-------- GIVEN INFORMATION

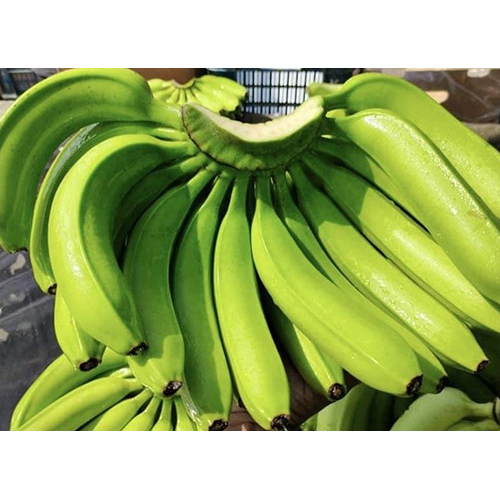 Farm Fresh Green Bananas - Cultivation Type: Organic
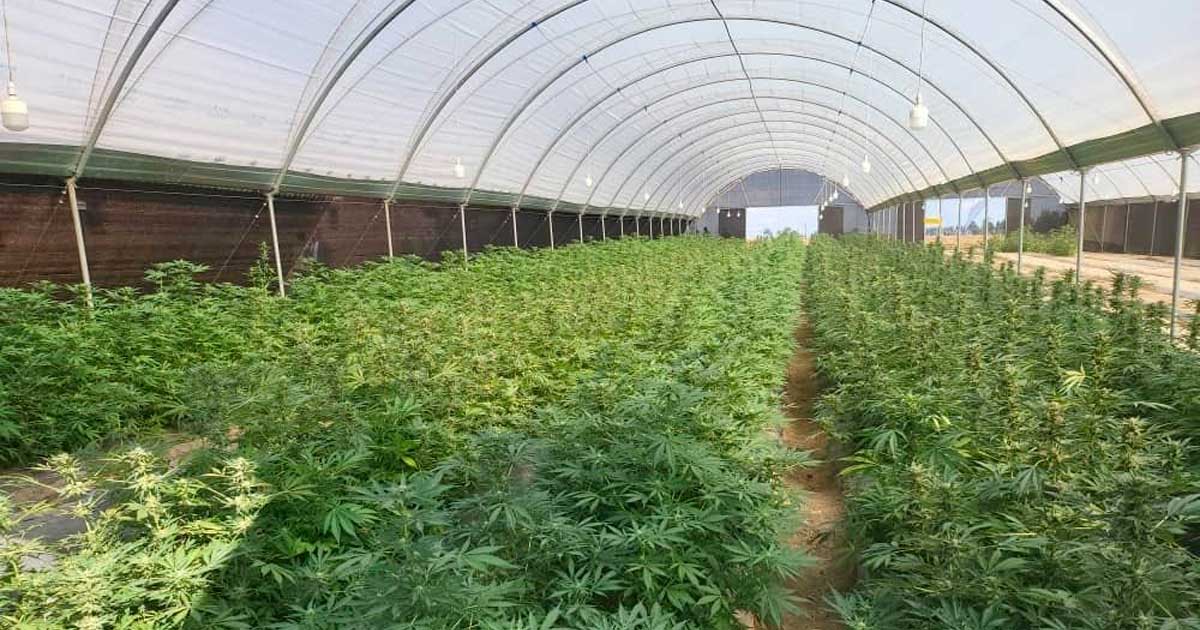 production-cannabis-rwanda.jpg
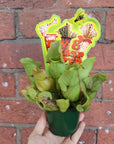 Sarracenia - 7cm pot Folia House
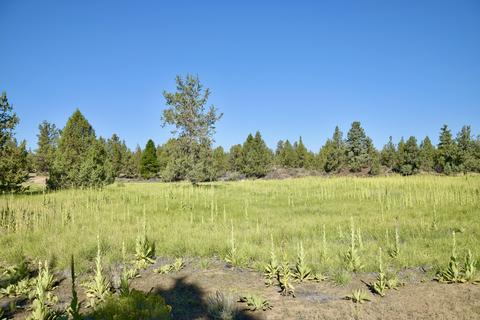 20575 Lowe Ln, Bend, OR 97703 photo 34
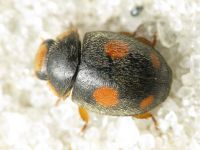 Platynaspis luteorubra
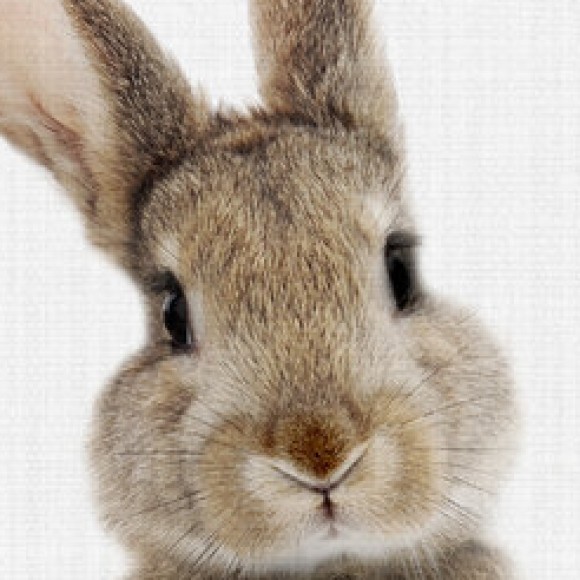 Profile photo of bunny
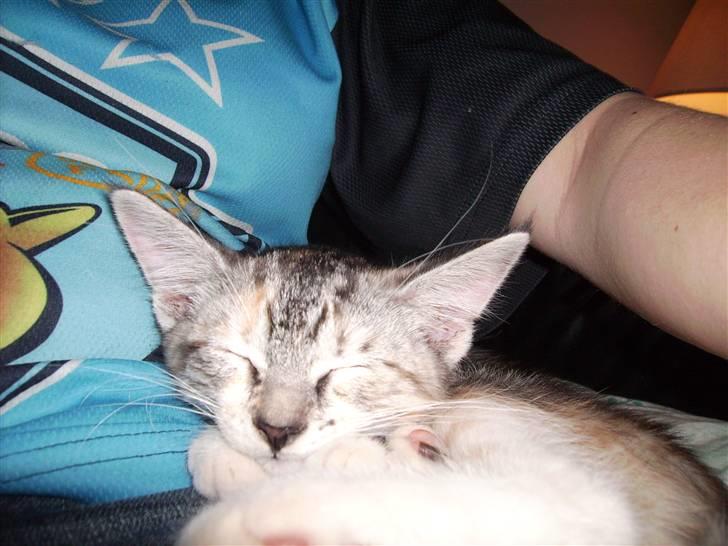 Blanding af racer Bertha - Her er jeg helt lille! Kun 10 uger faktisk og se lige mine store ører! billede 6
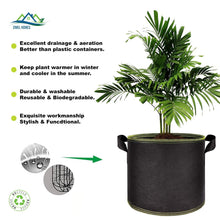 Load image into Gallery viewer, Fabric pot breathable Container Grow Plant Bag Pouch hydroponics 2-30L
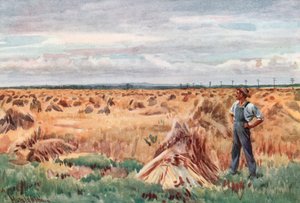Lungo i Campi di Grano del Manitoba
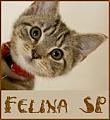 Felina_SP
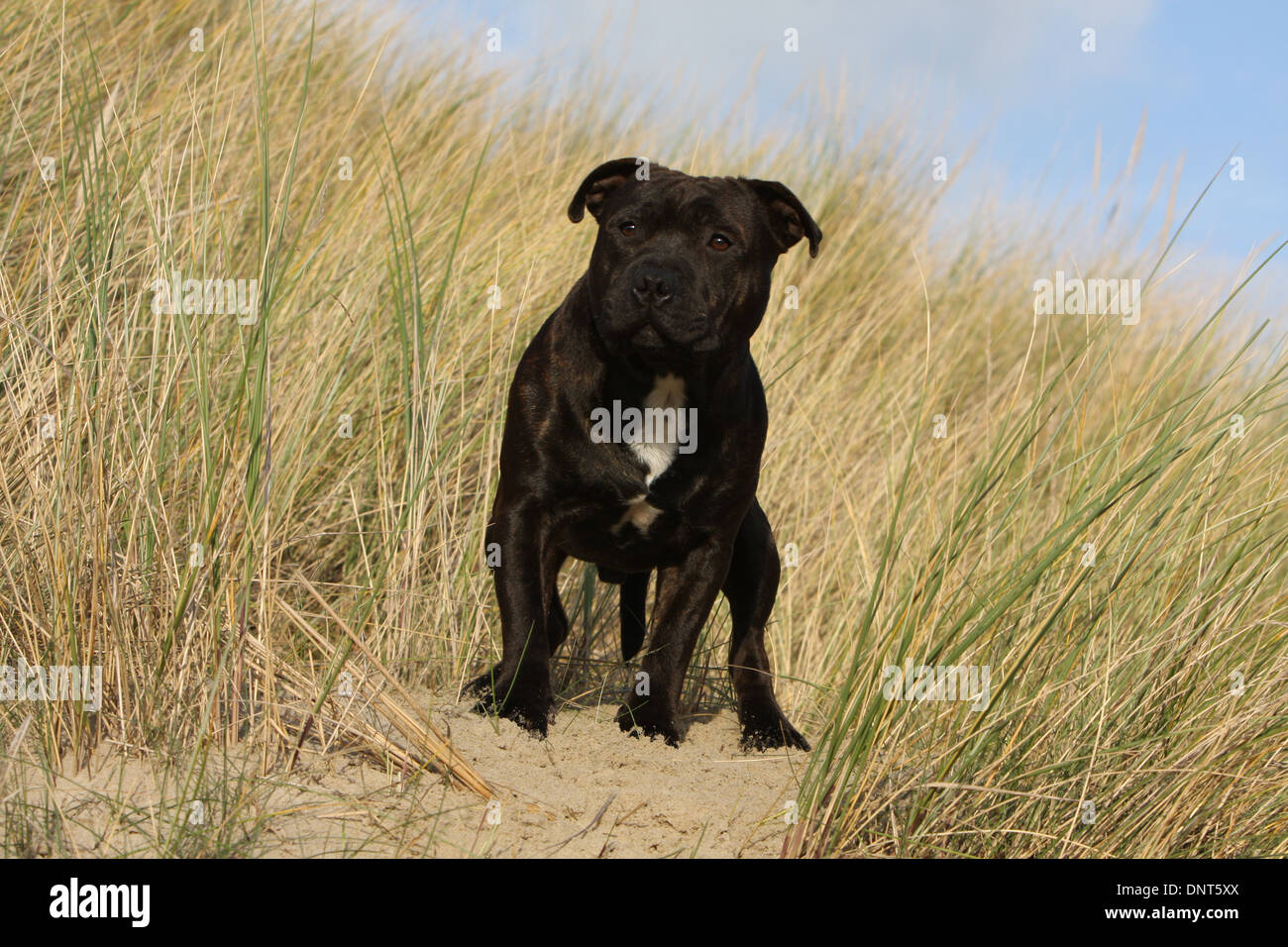 Chien Staffordshire Bull Terrier / Staffie permanent adultes Banque D'Images
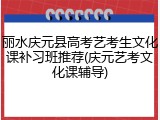 丽水庆元县高考艺考生文化课补习班推荐(庆元艺考文化课辅导)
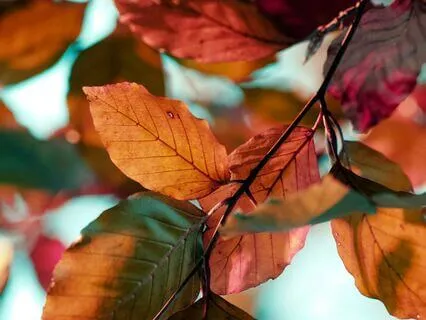 Soothing Flute Serenity For Music Therapy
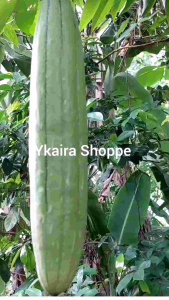 binhi 50 seeds for planting vegetable patola vine plant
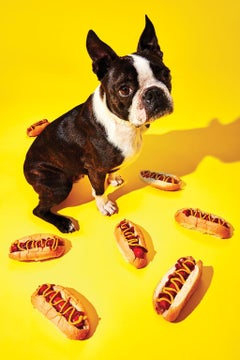 Photography Print - Pop Art - Bruce Boston Terrier with hot dogs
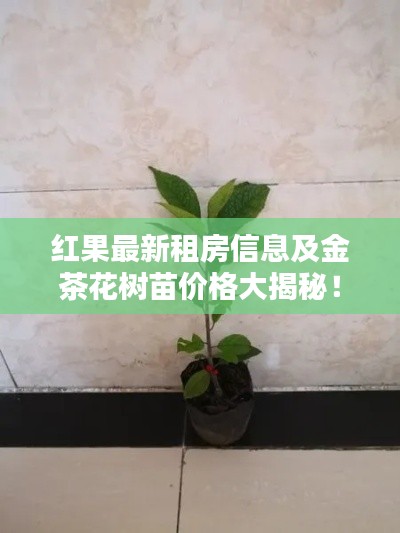 澹泊明志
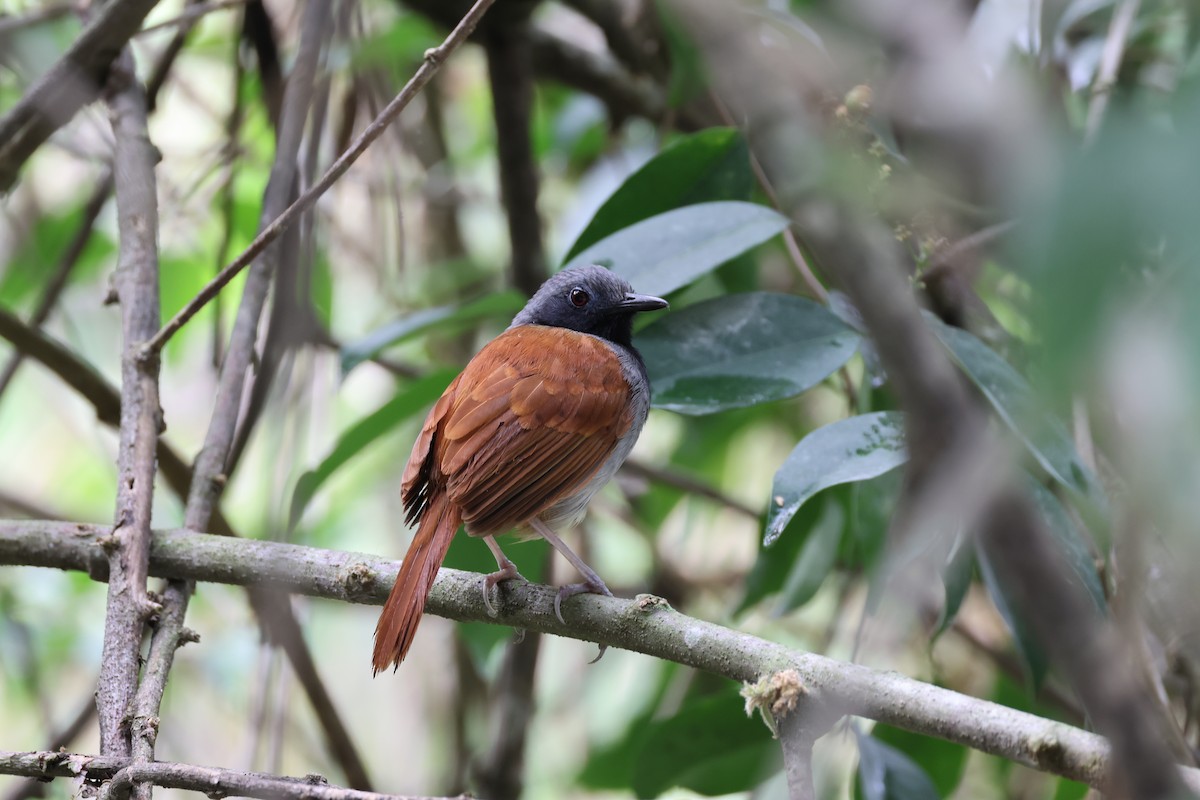 White-bellied Antbird - ML623769833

----------------

DIRECTIONS => Please print the lines from the one holding "Chien Staffordshire Bull" through the end of the records above, unchanged and with the pictures left out.

WRITTEN ANSWER =>
 Chien Staffordshire Bull Terrier / Staffie permanent adultes Banque D'Images
 丽水庆元县高考艺考生文化课补习班推荐(庆元艺考文化课辅导)
 Soothing Flute Serenity For Music Therapy
 binhi 50 seeds for planting vegetable patola vine plant
 Photography Print - Pop Art - Bruce Boston Terrier with hot dogs
 澹泊明志
 White-bellied Antbird - ML623769833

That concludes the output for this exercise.